この「強権発動」に対する世界の反応と言うのは、香港を問答無用の力で押さえ込もうとする中国の"傲慢さ"に対する非難が紛糾しているような様相ですが、当の中国側の反応はと言うと「内政干渉」のひと言。まさに"微動だにせず"と言う態度の表明であり、その姿は中華思想そのものを体現するようなものであった言っても良いでしょう。
このように中国によるこの「国家安全維持法」が与える"弾圧"と言うのは、一見、香港のみならず今や世界中から非難され、また同時に恐れさせているように見えますが、一方で、この"強硬姿勢"と言うのはプライド高き中国(及び香港政府)自身の「対香港政策」に於ける失敗から来る反動によるものであり、それゆえ結果的には「文明国家」とは言い難いような野蛮な手段や屁理屈を使用せざるを得なくなったのではないか?と見る向きが実しやかに囁かれるようになって来ています。
仮にこれを"是"として内容を掘り下げたとした場合、では中国の"失敗"と言うのはいつ頃を契機として始まったのでしょうか?例えばですが2014年の「雨傘運動」以降、中国が西側の倫理感から逸脱するような愚挙を行なったことは幾つかございました。
雨傘運動発生の起点となったのは2014年の全人代で普通選挙のルールを強引にねじ曲げをした事ですし、その流れで2016年には(香港の)立法会選挙で反北京を掲げる民主派が6議席を獲得の取り消し、また2018年には上述のアグネス氏の(立法会への)立候補の機会を与えることすらせず、これらに加えて「民主派」と「自決派」の若者達を危険視することで強制的に排除する等々...尽(ことごと)く、公平な議論の場の提供を潰して来た訳です。
当然、こうした数々の暴挙に対して貿易上で香港優遇措置を施す米国を筆頭とした西側諸国は激しく反発、先般のトランプ政権が発表した香港政府官僚11名の資産凍結などはその制裁措置の一つと言えるのは周知の事実です。
ただ、もう一方では"真逆の考え方"も徐々に現実味を帯びて来ている点にも注目する必要があります。

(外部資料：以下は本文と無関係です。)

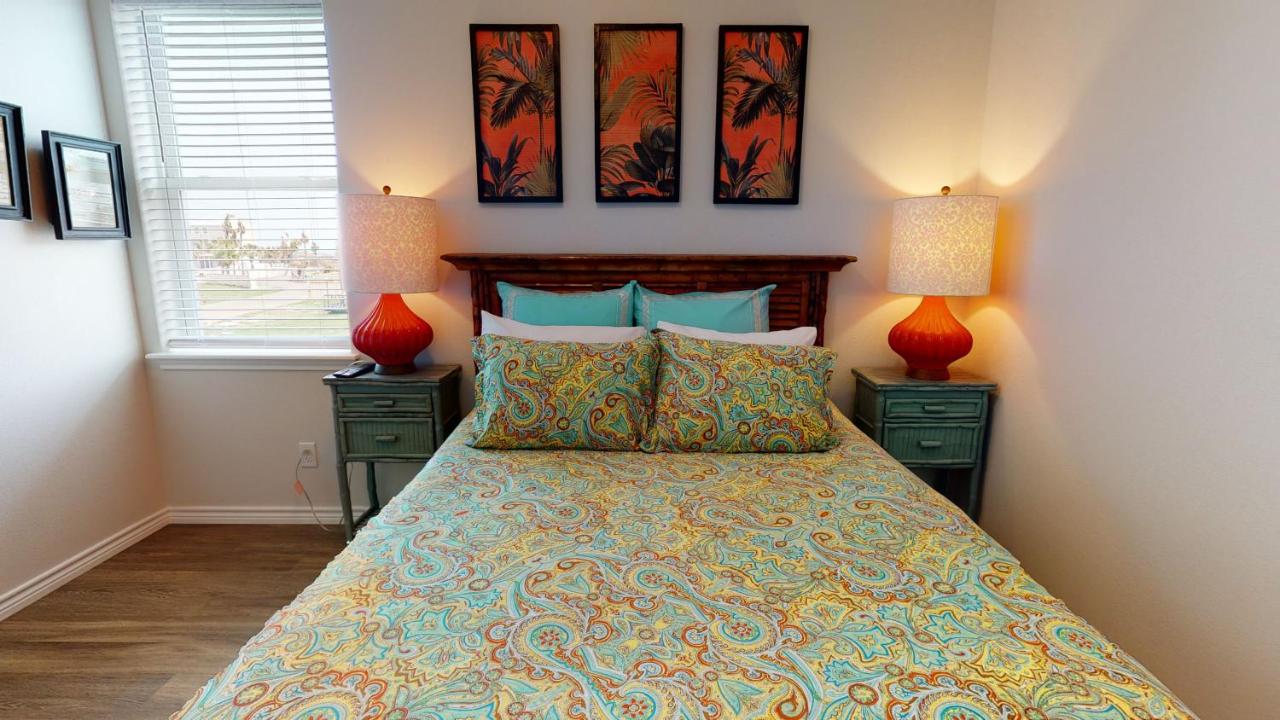 | CLP804 Upscale 5 Bedroom Home, Close to Beach with Boardwalk, Community Pool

それは「香港」と言うマーケットをNYやロンドン、東京と言った従来の金融システム(西側主導)から徐々に切り離し、中国主導の「デジタル人民元」マーケットの中心拠点へと変貌させると言うアイデアです。
つまり、香港のこうした"構造変革"を実施する為の最初のステップがこの「国家安全維持法」の可決となるのであり、今後の自国の計画を100%反映させる為に必要なアクションであったと言うことです(=端的に言えば欧米の排除が目的)。
中国は(一帯一路計画でもそうですが)自分達より弱い国が多数点在するアジアや南米、アフリカなどに巧みに歩み寄り人民元による一大経済圏を築き上げることを国是としており、今後を見越して元を将来の"世界最強通貨"として昇華させる為、中国は(一時的な制裁を承知の上で)その舵を切り始めたと言う訳です。
何れにしましても香港を巡る中国の措置の数々と言うのは、ある意味で"常軌を逸している"とも思える面を含んでおり、約束事をこれだけあからさまに破る行為の裏には何らかの特別な事情や思惑があると考えることが妥当なのかも知れません。
今後の展開にはより一層の注目が必要であると言っても過言ではないと言えるでしょう。